Records provided:
§
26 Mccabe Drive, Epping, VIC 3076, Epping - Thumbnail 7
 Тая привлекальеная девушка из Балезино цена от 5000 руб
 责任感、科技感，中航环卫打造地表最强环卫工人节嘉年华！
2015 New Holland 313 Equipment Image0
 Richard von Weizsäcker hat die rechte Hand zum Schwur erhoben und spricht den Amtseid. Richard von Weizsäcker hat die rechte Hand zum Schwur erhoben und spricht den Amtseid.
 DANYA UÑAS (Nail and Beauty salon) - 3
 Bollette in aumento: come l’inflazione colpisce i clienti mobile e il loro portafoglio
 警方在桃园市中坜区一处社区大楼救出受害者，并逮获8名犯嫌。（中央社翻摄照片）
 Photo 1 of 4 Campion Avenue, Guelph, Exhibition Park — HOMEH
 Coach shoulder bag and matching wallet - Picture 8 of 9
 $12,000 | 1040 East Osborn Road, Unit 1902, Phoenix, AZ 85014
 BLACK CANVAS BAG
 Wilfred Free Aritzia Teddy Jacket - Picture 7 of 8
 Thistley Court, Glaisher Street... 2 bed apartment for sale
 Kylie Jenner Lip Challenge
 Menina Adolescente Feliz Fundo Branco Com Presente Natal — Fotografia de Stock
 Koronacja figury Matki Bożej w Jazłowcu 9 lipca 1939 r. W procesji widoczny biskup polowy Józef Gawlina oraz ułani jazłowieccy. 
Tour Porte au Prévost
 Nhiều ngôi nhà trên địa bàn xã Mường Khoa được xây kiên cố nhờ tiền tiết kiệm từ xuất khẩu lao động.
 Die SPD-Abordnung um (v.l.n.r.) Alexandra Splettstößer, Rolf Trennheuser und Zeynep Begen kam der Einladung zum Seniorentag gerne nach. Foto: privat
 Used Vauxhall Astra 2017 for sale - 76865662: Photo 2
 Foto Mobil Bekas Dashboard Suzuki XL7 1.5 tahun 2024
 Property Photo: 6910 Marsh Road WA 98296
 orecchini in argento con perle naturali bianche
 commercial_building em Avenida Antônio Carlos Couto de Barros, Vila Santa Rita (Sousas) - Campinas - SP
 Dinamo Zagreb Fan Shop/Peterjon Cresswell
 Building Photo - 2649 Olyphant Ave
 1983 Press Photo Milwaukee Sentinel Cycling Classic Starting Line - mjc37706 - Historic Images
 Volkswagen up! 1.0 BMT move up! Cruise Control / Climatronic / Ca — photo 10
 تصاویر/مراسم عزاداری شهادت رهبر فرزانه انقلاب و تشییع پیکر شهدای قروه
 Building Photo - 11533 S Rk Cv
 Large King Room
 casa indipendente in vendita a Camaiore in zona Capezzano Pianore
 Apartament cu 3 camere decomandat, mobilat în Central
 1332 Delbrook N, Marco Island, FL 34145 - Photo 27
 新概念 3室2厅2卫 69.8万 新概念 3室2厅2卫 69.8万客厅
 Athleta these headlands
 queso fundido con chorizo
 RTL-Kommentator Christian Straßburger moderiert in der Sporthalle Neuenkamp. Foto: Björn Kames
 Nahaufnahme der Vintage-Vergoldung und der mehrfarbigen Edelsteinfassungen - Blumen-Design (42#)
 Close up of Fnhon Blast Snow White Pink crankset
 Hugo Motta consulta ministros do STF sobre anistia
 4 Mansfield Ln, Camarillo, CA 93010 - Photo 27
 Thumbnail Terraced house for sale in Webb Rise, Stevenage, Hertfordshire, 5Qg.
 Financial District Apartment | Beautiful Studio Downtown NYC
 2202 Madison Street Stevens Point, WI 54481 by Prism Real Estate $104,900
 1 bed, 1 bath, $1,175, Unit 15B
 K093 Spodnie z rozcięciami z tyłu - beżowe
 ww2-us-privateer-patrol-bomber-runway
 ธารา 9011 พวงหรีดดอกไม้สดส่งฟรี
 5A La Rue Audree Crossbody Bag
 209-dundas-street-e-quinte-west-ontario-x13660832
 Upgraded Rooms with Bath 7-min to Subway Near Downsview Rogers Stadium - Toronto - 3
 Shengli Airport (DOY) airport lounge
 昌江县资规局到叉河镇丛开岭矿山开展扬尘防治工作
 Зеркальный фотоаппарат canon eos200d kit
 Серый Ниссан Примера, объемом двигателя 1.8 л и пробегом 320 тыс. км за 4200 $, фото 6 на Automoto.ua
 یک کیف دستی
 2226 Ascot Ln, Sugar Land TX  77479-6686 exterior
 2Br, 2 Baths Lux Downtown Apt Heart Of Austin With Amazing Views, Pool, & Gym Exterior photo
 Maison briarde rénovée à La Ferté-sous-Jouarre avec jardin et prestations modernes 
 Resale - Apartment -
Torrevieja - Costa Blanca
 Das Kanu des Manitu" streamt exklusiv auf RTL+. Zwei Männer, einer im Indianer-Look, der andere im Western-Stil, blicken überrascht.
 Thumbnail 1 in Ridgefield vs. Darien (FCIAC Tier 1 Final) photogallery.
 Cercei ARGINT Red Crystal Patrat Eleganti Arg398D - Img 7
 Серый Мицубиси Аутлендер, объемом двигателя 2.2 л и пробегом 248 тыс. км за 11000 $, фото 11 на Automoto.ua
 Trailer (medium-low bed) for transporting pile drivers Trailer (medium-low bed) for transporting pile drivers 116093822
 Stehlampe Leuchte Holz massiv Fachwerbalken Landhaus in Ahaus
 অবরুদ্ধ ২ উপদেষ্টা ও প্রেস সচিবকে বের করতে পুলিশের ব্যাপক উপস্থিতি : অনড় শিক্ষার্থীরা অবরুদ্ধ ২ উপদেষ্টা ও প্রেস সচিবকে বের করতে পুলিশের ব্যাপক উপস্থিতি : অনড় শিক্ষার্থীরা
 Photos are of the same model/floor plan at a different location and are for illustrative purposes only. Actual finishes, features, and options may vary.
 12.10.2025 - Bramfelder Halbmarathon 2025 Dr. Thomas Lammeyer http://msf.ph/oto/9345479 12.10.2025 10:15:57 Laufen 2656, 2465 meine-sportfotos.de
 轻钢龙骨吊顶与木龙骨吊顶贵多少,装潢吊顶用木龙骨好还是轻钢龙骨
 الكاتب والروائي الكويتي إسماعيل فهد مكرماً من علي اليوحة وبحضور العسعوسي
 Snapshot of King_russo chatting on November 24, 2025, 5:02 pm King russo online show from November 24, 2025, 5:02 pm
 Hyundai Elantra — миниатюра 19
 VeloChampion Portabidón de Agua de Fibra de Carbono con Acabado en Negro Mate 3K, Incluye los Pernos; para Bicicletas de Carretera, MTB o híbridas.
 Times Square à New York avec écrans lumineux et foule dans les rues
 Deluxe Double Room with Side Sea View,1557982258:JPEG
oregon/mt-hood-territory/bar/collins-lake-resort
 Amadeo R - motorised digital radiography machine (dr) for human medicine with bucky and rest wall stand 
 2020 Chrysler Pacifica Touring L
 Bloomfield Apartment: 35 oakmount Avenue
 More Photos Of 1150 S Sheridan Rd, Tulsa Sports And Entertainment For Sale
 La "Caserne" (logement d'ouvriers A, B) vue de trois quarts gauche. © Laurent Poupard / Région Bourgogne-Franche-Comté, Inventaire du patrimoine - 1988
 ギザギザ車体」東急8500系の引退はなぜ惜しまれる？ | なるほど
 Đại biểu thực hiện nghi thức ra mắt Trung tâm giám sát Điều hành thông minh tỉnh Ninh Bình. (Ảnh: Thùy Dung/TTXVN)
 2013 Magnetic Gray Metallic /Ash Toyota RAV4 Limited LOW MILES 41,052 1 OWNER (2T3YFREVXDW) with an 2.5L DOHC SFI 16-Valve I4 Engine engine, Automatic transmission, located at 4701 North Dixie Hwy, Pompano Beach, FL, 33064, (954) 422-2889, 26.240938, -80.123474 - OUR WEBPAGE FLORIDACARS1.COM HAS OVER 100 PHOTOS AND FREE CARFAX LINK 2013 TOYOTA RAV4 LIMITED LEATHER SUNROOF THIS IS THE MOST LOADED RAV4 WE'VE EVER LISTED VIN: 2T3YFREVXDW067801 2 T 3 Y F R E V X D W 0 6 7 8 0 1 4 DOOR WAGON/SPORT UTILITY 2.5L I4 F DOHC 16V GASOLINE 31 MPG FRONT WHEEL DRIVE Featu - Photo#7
§
Exercise brief: Considering only the material above, set down every line from the one with "More Photos Of" to the one with "patrimoine - 1988", inclusive, exactly as written.

Written solution:
 More Photos Of 1150 S Sheridan Rd, Tulsa Sports And Entertainment For Sale
 La "Caserne" (logement d'ouvriers A, B) vue de trois quarts gauche. © Laurent Poupard / Région Bourgogne-Franche-Comté, Inventaire du patrimoine - 1988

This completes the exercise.